Amazon can apparently get data cheaply out of cold storage with a day or so of w...

the-rc · on March 16, 2022

If you're doing disaster recovery, do you really want to wait a day for your data? I don't understand why you want Google to slow things down. Why can't Amazon get cold data faster? It's fairly simple: all Google storage is online. There is public material on how it all works. Maybe you can ask them to add an artificial delay. There is offline storage, yes, but that's tape, which has bigger issues...

Your pricing model is flawed, because you're not taking into account other factors such as rebalancing. Years ago, I would have loved for retrieval to be that cheap to perform behind the scenes.

Dylan16807 · on March 17, 2022

> If you're doing disaster recovery, do you really want to wait a day for your data?

I'd like to have the option.

The point isn't that I want to wait, it's that I want it to be super low priority to make it cheaper.

For a super low priority job, why should reading be multiple times as expensive as writing?

> Your pricing model is flawed, because you're not taking into account other factors such as rebalancing. Years ago, I would have loved for retrieval to be that cheap to perform behind the scenes.

I don't understand. If rebalancing happens behind the scenes, then that has to get paid for as part of storage.

Which means the cost of 1 single I/O is a smaller fraction of the storage cost.

Which means the profit margin for retrieval is significantly higher than my estimate.

My cost estimate uses the most flattering possible case for the retrieval pricing. Any storage costs I didn't account for, deliberately or accidentally, make my argument stronger.

the-rc · on March 18, 2022

> For a super low priority job, why should reading be multiple times as expensive as writing?

Because the particular aggregate mix of storage helps drive down overall costs. Changing that mix affects the entire stack, as well as capacity planning. Ok, make cold storage very cheap to retrieve. What happens now? Everybody will buy that and abuse it for more demanding applications, with quality of service for latency sensitive traffic going down the toilet. So you end up throwing more resources at the problem and/or charging more across the board. Pricing is one of the few factors that users really pay attention to in the real world, not best practices. Unfortunately.

Furthermore, to implement what you want, you can keep a request open for hours, which causes issues all over the stack (where do you keep that state? How does that interact with load balancers?) or you mark the cold object and return temporary failures until it's finally retrievable. That's extra state and extra complexity that doesn't exist right now. Those extra costs would have to be recouped somewhere.
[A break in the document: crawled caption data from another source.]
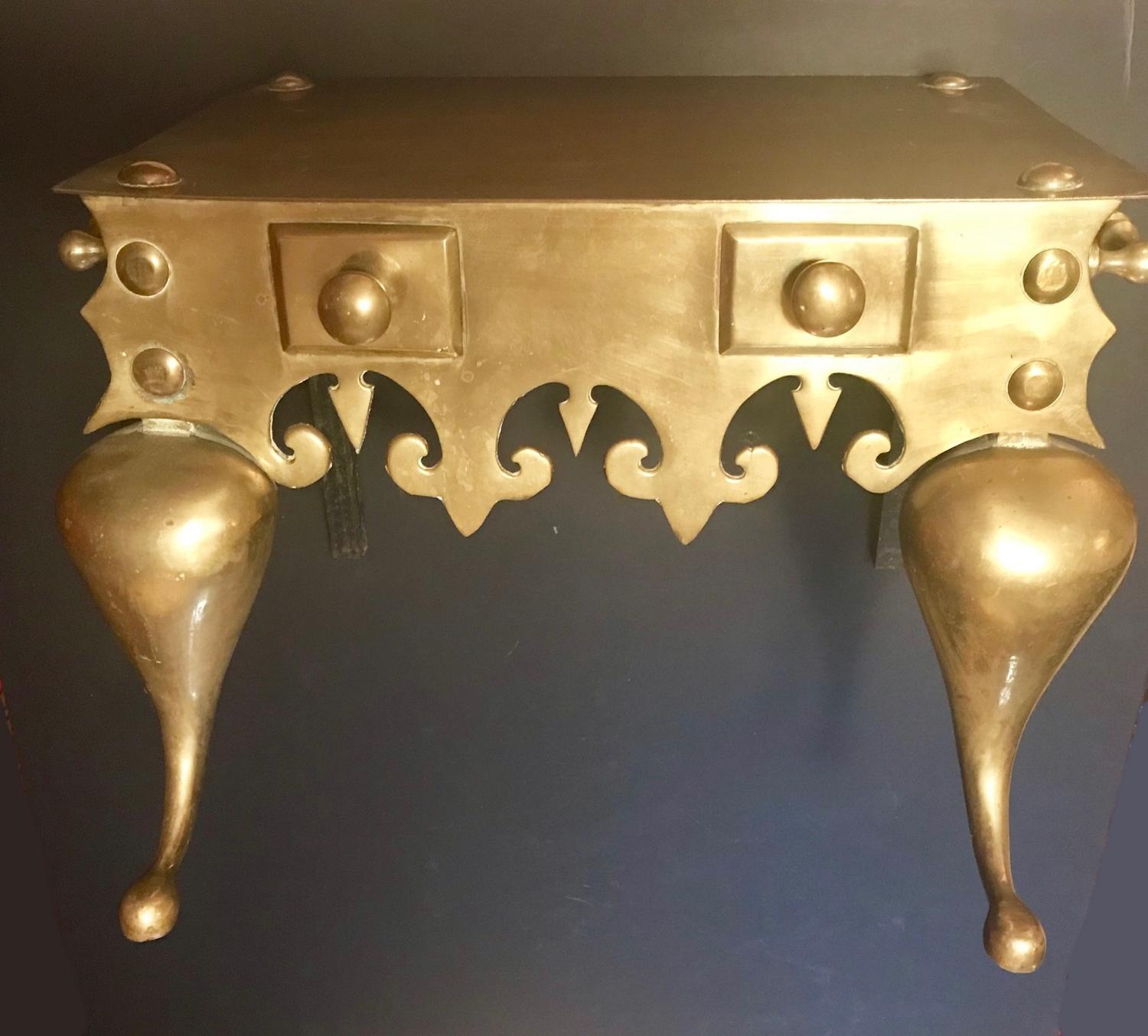 This large brass footman features a shaped frieze with decorative knob fixtures and handles on each side. The stand is raised on cabriole front legs.

Measurements: W 19” x D 12” x H 12”
Condition: Good. Wear consistent with age and use.
 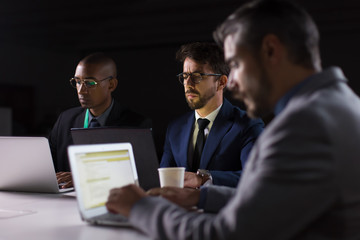 Confident men working over project in office late at night. Thoughtful business team sitting at table with laptops. Teamwork, working late concept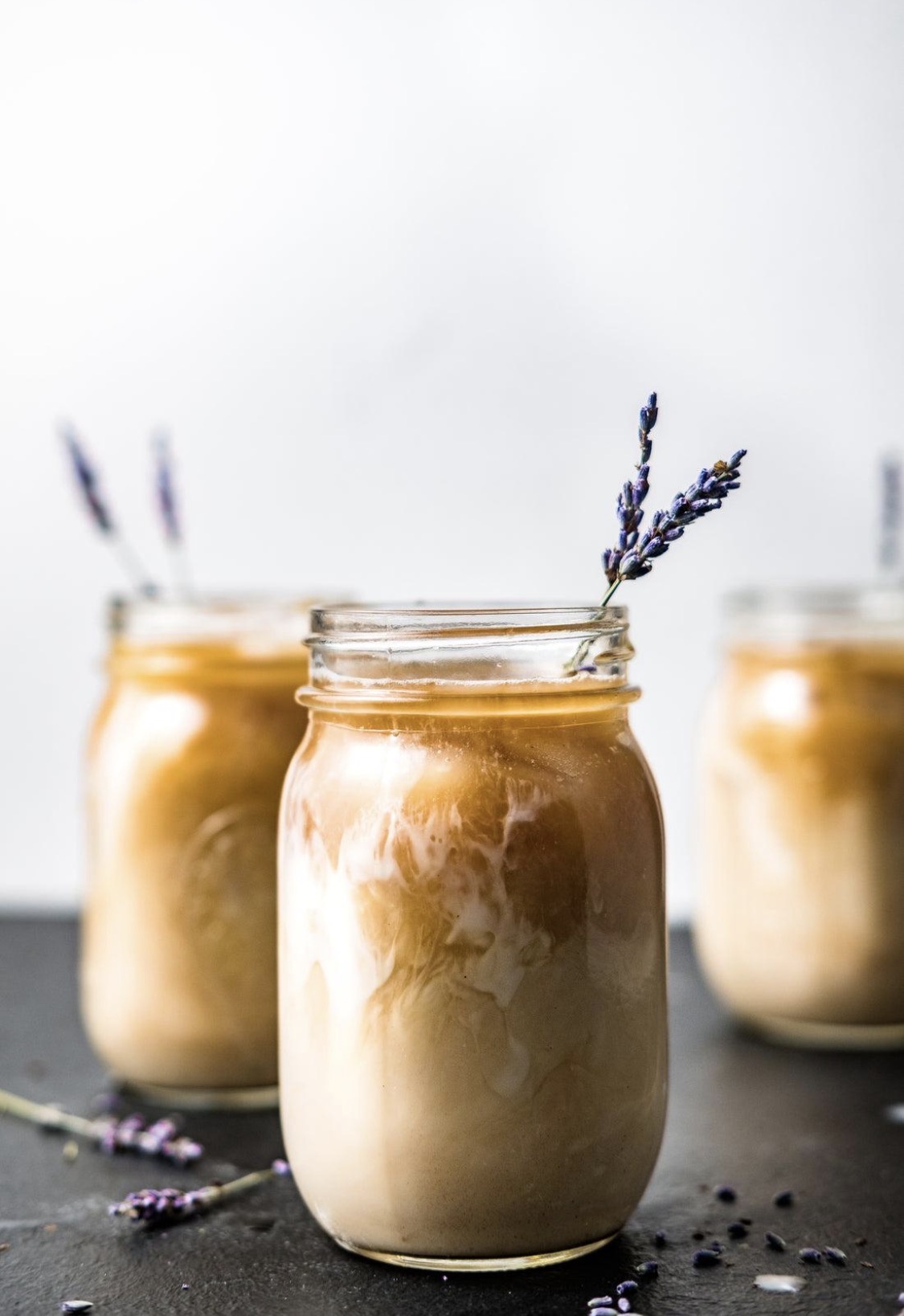 Lavender latte in a cup with purple hue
> I don't understand. If rebalancing happens behind the scenes, then that has to get paid for as part of storage.

Why? Rebalancing doesn't happen in a vacuum. It's linked to the traffic mix. You can't look at just the total bytes used in a cluster and figure how many HDs, SSDs, CPUs, RAM and NICs you need to serve that data while still meeting your SLOs. Unless it's a W/O cluster, you need more signals. Amount and behavior of cold vs hot storage are two of those.

Anyway, cold storage that warms up most likely requires extra rebalancing that wouldn't have happened otherwise. How would you price that? Who would you charge?

Again, your cost estimate for retrieval does not take into account how things actually work. Rebalancing is not purely a storage cost. Yes, your argument is strong, but only if you start from flawed assumptions.

Dylan16807 · on March 18, 2022

> Because the particular aggregate mix of storage helps drive down overall costs. Changing that mix affects the entire stack, as well as capacity planning. Ok, make cold storage very cheap to retrieve. What happens now?

It doesn't have to be very cheap. Let's start with just trying to match the price of writes. That shouldn't really affect the total amount of I/O, and there's no reason reads should be harder on the system than writes.

> Furthermore, to implement what you want, you can keep a request open for hours, which causes issues all over the stack (where do you keep that state? How does that interact with load balancers?) or you mark the cold object and return temporary failures until it's finally retrievable. That's extra state and extra complexity that doesn't exist right now. Those extra costs would have to be recouped somewhere.

I suppose. But the cost of keeping a request open should be much much less than the current cost of having everything fully accessible in milliseconds.

> Anyway, cold storage that warms up most likely requires extra rebalancing that wouldn't have happened otherwise. How would you price that? Who would you charge?

Reads that cost a significant amount of dollars each don't require rebalancing. I'm not suggesting they go so cheap that rebalancing is required. You'd still do only one read to a completely separate hot storage system, like it currently works.

immibis · on March 15, 2022

Sir, we live in a capitalist economy. Prices don't mirror costs.

Dylan16807 · on March 15, 2022

My complaint is that the competition is awful here.

Capitalism is supposed to pit companies against each other and drive profit margins below 50%. And it's failing to do that here.

And moreso, it's a very cruel pricing system because it lures you in with low numbers, then overcharges to get your data back when you need it. Being antagonistic to your customers does have negative effects in the long run. And I think it's worth pointing out situations like that when people are shopping around.